Seven H.323 devices behind 1 public IP
-
Is this even possible? I have cerated NAT Port Forward rules and everything works if I only have 1 videoconference unit online. If I connect additional devices = sound issues, content sharing issues and so on.
When looking at Firewall Logs, I see that traffic is passed, but it passes traffic to the other H.323 devices too. I have created an Alias with all Cisco/Tandberg units on NAT Port Forward.
I have configured different RTP Port Ranges on Cisco/Tandberg but no luck… I have port forwarded all the ports needed and NAT Mode is ON for all my H.323 devices.
If I NAT 1:1 the second unit on another Virtul IP (public) - it works. But since I have 7 units, I don't have that many public IPs...

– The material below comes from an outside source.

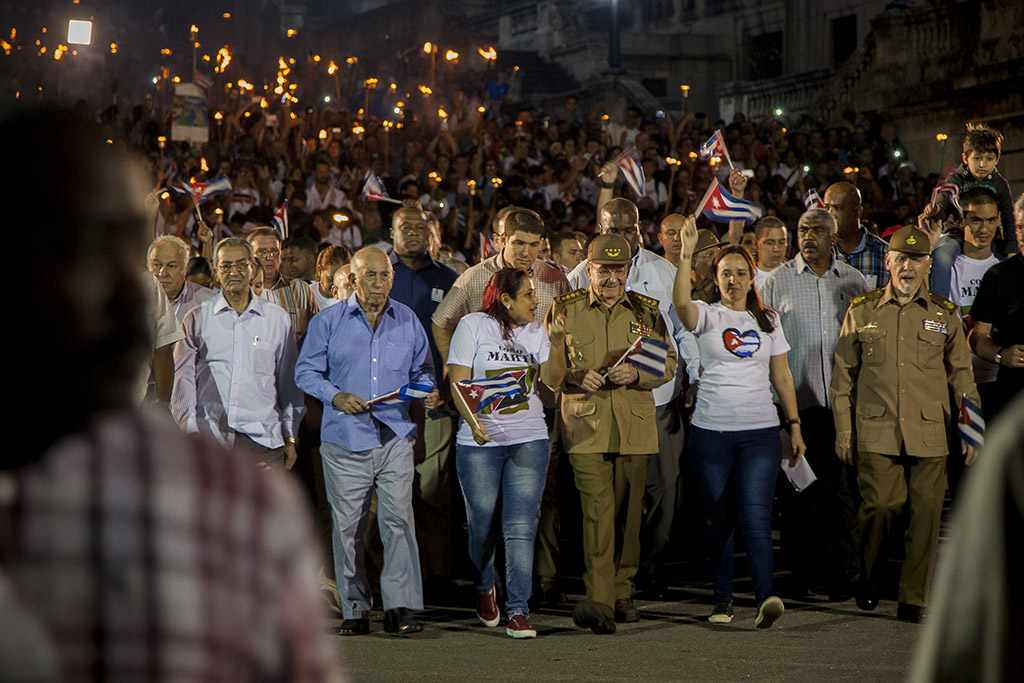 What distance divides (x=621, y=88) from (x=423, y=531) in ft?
89.3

Is it possible to have multiple H.323 devices behind 1 public IP? If yes, what am I doing wrong?
-
You need an h.323 proxy which pfsense doesn't have.
-
Well, I seem to have solved this issue.
When I had one Alias containing all the Tandberg/Cisco units and allowing all the port ranges - it got messed up. I thought that the devices + pfSense would solve it on their own = port forward RTP ranges to the specific device having those RTP ports configured..
I have now solved it like this in pfSense:
Unit 1 = 192.168.2.10
Port Range: 2000 - 2200
Public IP: 94.xx.xx.xxxUnit 2 = 192.168.2.11
Port Range: 2400 - 2600
Public IP: 94.xx.xx.xxxAnd so on… It seems to work. Don't know if this will work forever but it seems OK now.
Feedback is always welcomed :)
-
You should be good actually, i misread and didn't see where you had specified the ports on each device.
In that case a proxy is not needed. Its when it's using dynamic port ranges that it has issues.